| Exercise goal |
Out of the material that follows, write out exactly the lines from the line with "OCHRANIACZ 180x30 DO" to the line with "Pouzdro Leather Mag", both ends included, and no others.

| Records for the exercise |
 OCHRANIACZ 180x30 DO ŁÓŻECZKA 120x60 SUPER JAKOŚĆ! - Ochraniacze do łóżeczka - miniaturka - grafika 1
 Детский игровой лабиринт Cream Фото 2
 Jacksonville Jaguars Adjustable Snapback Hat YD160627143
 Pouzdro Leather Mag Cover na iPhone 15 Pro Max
==
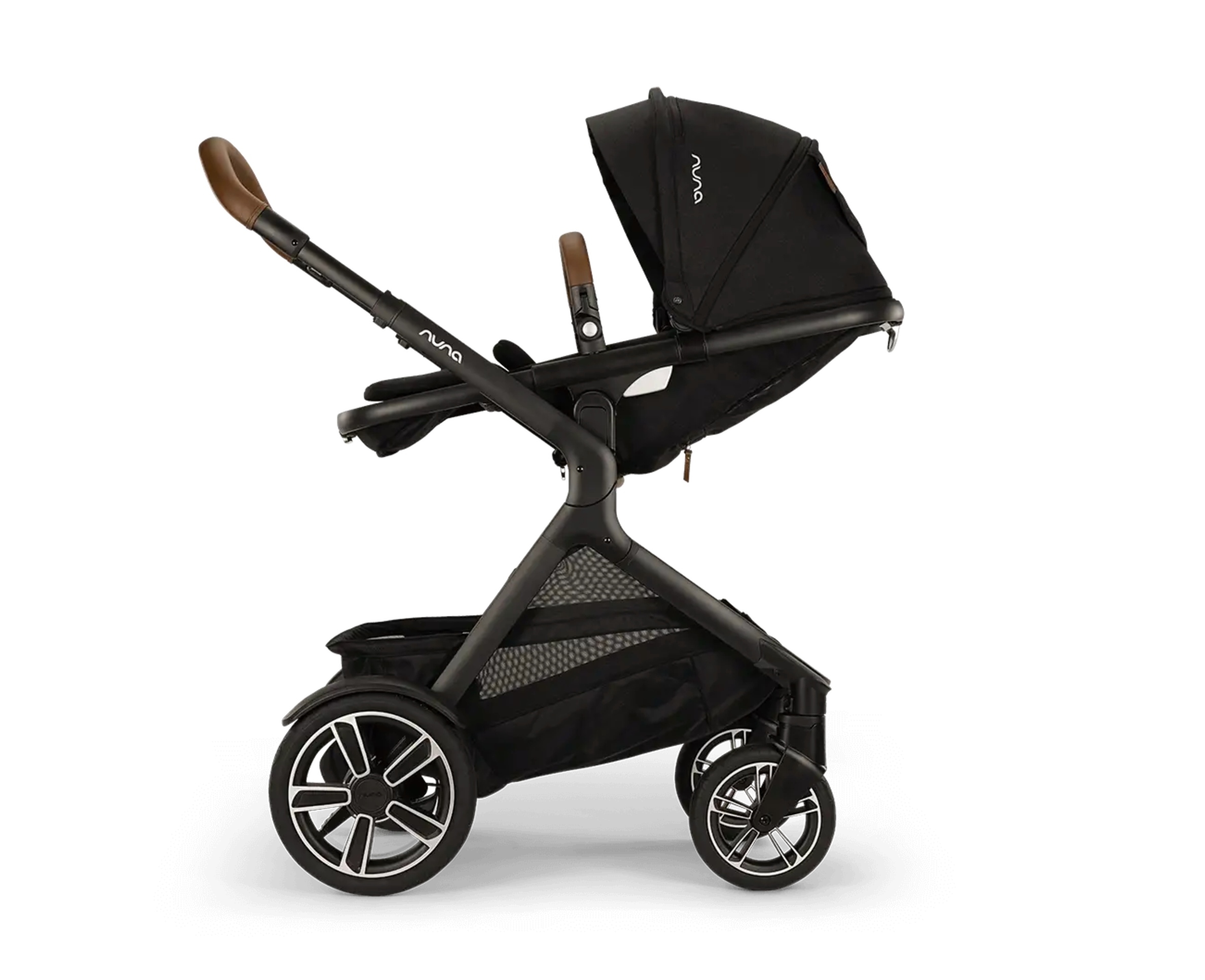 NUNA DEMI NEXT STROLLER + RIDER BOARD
==
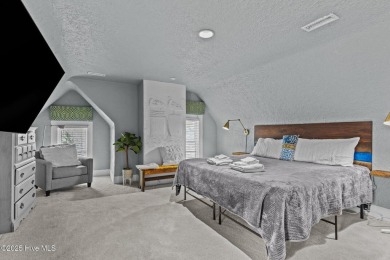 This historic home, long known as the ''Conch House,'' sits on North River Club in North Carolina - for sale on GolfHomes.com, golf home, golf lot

| Response to this task |
 OCHRANIACZ 180x30 DO ŁÓŻECZKA 120x60 SUPER JAKOŚĆ! - Ochraniacze do łóżeczka - miniaturka - grafika 1
 Детский игровой лабиринт Cream Фото 2
 Jacksonville Jaguars Adjustable Snapback Hat YD160627143
 Pouzdro Leather Mag Cover na iPhone 15 Pro Max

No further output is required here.